Fanning At Whelans is an Irish music television series, that celebrates the Irish music scene.

The programmes are presented by Dave Fanning from Whelan's, in Wexford Street, Dublin.

The show consists of live music from both up-and-coming and established Irish bands/artists from varying genres. It is broadcast on Virgin Media TV.

== History ==
During the COVID-19 pandemic in the Republic of Ireland, Fanning was concerned that the Irish music industry was in trouble and Irish musicians were not able to tour and therefore earn a living. In November 2020, he teamed up with long-time producer Ian Wilson, and through his production company Bebbak Ltd, acquired funding from Whelans and Guinness to record a series of gigs with no audience.

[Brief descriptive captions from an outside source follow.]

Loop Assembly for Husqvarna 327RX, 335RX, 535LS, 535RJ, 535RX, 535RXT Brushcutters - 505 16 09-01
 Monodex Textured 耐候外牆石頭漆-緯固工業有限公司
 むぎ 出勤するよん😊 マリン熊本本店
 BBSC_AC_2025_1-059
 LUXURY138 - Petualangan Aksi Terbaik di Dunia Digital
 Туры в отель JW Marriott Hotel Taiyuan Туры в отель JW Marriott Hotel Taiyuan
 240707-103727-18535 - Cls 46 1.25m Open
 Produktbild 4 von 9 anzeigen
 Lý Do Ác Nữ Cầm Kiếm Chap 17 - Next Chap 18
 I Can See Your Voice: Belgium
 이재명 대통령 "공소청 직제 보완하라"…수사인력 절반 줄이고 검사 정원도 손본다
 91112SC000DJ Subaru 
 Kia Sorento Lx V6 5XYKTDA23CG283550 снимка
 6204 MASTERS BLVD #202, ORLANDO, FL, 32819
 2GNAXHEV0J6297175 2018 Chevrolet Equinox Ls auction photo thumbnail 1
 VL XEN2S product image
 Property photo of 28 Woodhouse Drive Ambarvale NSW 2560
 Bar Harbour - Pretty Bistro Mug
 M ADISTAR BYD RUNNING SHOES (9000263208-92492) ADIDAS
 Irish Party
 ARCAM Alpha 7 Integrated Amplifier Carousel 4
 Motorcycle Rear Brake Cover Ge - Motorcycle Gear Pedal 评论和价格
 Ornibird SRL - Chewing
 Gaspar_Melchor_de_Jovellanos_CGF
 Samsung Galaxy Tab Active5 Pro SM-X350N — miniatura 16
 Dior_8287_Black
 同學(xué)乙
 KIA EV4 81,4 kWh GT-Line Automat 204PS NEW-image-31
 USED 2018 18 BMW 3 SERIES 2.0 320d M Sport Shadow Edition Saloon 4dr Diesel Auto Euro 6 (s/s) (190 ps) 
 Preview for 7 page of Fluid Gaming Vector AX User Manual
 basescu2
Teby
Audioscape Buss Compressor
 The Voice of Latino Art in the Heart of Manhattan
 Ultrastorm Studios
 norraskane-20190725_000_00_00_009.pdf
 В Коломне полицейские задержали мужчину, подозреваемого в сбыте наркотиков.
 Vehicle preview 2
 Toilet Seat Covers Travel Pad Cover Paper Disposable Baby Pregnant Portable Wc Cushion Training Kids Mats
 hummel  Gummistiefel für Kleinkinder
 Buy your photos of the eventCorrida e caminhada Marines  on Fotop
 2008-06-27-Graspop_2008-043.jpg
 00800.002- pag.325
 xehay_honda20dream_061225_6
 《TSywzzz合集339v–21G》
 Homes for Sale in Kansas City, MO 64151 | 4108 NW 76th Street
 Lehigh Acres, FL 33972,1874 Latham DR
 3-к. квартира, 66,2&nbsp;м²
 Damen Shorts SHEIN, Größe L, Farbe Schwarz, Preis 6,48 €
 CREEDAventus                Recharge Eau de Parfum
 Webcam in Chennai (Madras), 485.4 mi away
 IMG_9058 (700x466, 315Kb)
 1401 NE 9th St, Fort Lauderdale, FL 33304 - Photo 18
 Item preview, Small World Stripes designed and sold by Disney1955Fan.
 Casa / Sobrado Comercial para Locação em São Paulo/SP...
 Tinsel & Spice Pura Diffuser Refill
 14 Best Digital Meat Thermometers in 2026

The aim of the production was to get the bands/artists and film crew paid during a time when there was no other work available in their industry. This became season one of Fanning at Whelan's. According to Meath Chronicle, "There is no Irish broadcaster that has done more to give young bands a much-needed break."

Appearances to date include Dark Tropics, Emily 7, Saibh Skelly. and guest interviewees Bob Geldof and Domhnall Gleeson.

The third series began in December 2023.

== Format ==
The show consists of five to six live music performances per episode. Each episode also features a well-known Irish guest who is interviewed about their favourite music.